Invitations and Awareness

This week I had the good fortune to participate in a leadership development workshop that focused on trust and enhancing awareness of how you show up as a ‘leader’.  What made this so terrific and fun was that it was held at a horse farm and the horses were active participants in each of our learning exercises.  I approached this workshop with a mix of excitement and anxiety.  I have had minimal interaction with horses up til now and the times I did engage with them, I had a real appreciation for how big and powerful they were.  I was also very aware that when I was the rider, there was no confusion as to who was in charge of where we went – and it wasn’t me.

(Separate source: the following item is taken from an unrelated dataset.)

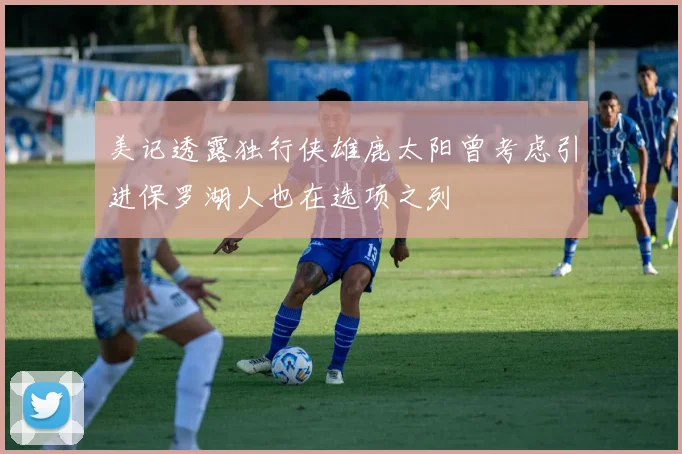 美记透露独行侠雄鹿太阳曾考虑引进保罗湖人也在选项之列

As we connected with these horses throughout the day, the lesson that was revealed over and over again was that the disposition of the ‘leader’ was essential to the outcome.  During those times when our team was resolute and had a plan and was just going to go out and make that horse do something, the results were awful.  The horse bucked and ran and jumped, requiring us to step back and regroup. When we re-engaged from a position of humility and openness, the horse willingly came along.  When we coordinated our actions in ways that the horse could understand, he happily followed the path we outlined.  When our energy was positive and purposeful, the horse seemed excited to be a part of the group. The take aways were obvious – 


  • leaders generate commitment to a course of action, not obedience
  • leaders invite others to a shared vision or purpose by being clear about the what and the why
  • if you want others to follow, your invitation must come from a place of care about them, as well as the organization, team, family, etc.  Trust comes from here


Self awareness is an essential leadership quality.  Regardless of the arena in which you find yourself functioning as a leader – home, work, school, etc. – doing a self check in to ground the assessments you are bringing to a situation and the energy and emotion that you are embodying, allows you to train your attention on the people you want and need to be connected with. We cannot be fully connected to someone else if we are not connected to ourselves, to our own body, and to the present moment.